Parmi eux, figuraient l’ancien Premier Ministre Agbéyomé Kodjo et surtout M. Koffi Panou. Le cas de Koffi Panou mérite d’être souligné, parce que celui-ci était devenu un véritable maître-chanteur. Son soutien au Chef de l’Etat était devenu pour lui un passeport pour tous les abus, parce qu’il bénéficiait de ce fait, de la confiance totale du Chef de l’Etat qu’il passait son temps à tromper.

Koffi Panou a fait des va et vient entre le Ministère de la Communication et le Ministère des Affaires Etrangères. Il faut remarquer que pendant ses passages à la tête de ces départements-clés le Togo a connu le déclin sur plusieurs plans.
Le dossier Amnesty est l’illustration la plus frappante de cet échec. L’Affaire Amnesty aurait pu ou dû être gérée de façon plus diplomatique et on n’en parlerait plus aujourd’hui.

L’autre talon d’Achille de Panou, c’est la suspension de la coopération financière avec notre pays. Au lieu de s’investir pour régler ce dossier avec intelligence et tact. Panou préfère entretenir le flou, crée la tension narguer pour pouvoir voyager à loisir et donner l’impression qu’il travail pour le Président. Le départ de Koffi Panou du gouvernement a été très favorablement accueilli dans l’opinion non pas parce que Panou a une quelconque importance, mais parce que tous les observateurs s’accordaient à dire qu’il n’était pas l’homme qu’il fallait à cette place et en plus il agaçait tout le monde. Panou ne comprenait rien à son propre département.
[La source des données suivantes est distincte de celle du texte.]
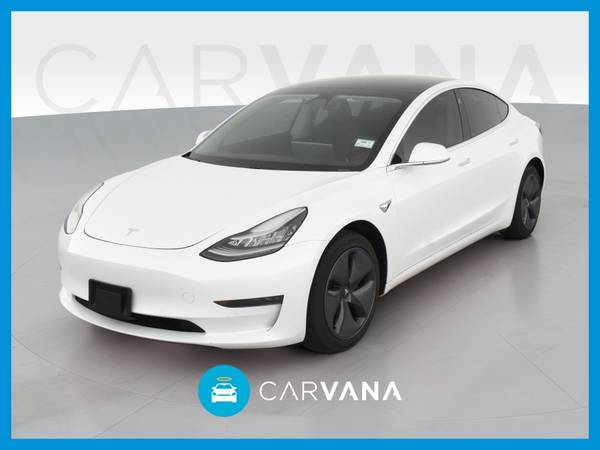 2019 Tesla Model 3 Standard Range Plus Sedan 4D sedan White for sale in Flint, MI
A preuve, on raconte que quelque heure avant la passation de service avec son successeur, il a dû réunir précipitamment ses collaborateurs pour leur demander de le briefer sur les grands dossiers en instance. Si cette information est vraie, il faut dire que Panou n’a fait que nuire à l’Etat et au Chef de l’Etat lui-même par son ignorance, par son égocentrisme et surtout par sa méchanceté. Ne disait-il pas un jour, je ne veux pas finir comme LACLE, dans la misère ? Nous pensons qu’il a assez amassé de fortune pour se la couler douce. En définitive, Panou n’a pas servi le Président Eyadéma comme il le prétendait ; il n’a pas non plus servi l’Etat togolais comme cela se devait. Il s’était servi et c’était son seul objectif.

Quant au Général Walla qui vient de quitter le Ministre de l’Intérieur, nous n’avons pas grand-chose à dire de lui. Il ne faisait pas partie des maîtres-chanteurs mais il était un original en son genre.

Selon tous ceux qui l’ont approché et connu, il a été indéniablement un bon officier. L ‘homme a un bagage intellectuel solide. Mais, il est un piètre politique. Pendant son règne, il s’en est trop souvent pris à la Presse. Il a battu tous les records de saisies de journaux. Et cela a fait beaucoup de tort à l’image du pays. Personnellement, il m’a envoyé en prison alors que je n’ai commis aucun délit. Je le lui ai dit et je l’ai pardonné. Il lui reste à demander pardon à son Dieu. Le Général Walla a rendu la vie trop dure aux partis politiques et aux leaders de l’opposition. Il a exagéré dans plusieurs domaines et il a trop souvent fait preuve d’un zèle disproportionné. Son départ est peut-être un geste d’apaisement du Président. Mais il faut reconnaître qu’il a aussi fait beaucoup de tort au régime Eyadèma, surtout vis-a -vis de la communauté internationale qu’il a le mignon péché de mépriser.
En ce qui concerne le Général Ministre, il faut quand même reconnaître qu’il était entré au gouvernement depuis le gouvernement Edem Kodjo et qu’il a besoin de se reposer. C’est normal qu’un jour chacun quitte son poste pour permettre à d’autres de faire leur preuve.

Nous n’avons rien à dire au sujet des nouveaux ministres parce que, intrinsèquement, au vu de leur curriculum vitæ, ils sont tous des hommes et femmes de valeur et intellectuellement bien nantis.
Il reste que la politique est une affaire de doigté et de savoir faire. Il faut donc laisser le temps au temps.

En se débarrassant petit à petit des maîtres-chanteurs qui l’entouraient, peut-être le Chef de l’Etat se donne une certaine marge de manœuvre pour l’avenir. D’une façon générale, nous ne savons pas si le gouvernement Sama II a été formé pour une course de fond. L’avenir très proche nous le dira. Mais il faut rester vigilant.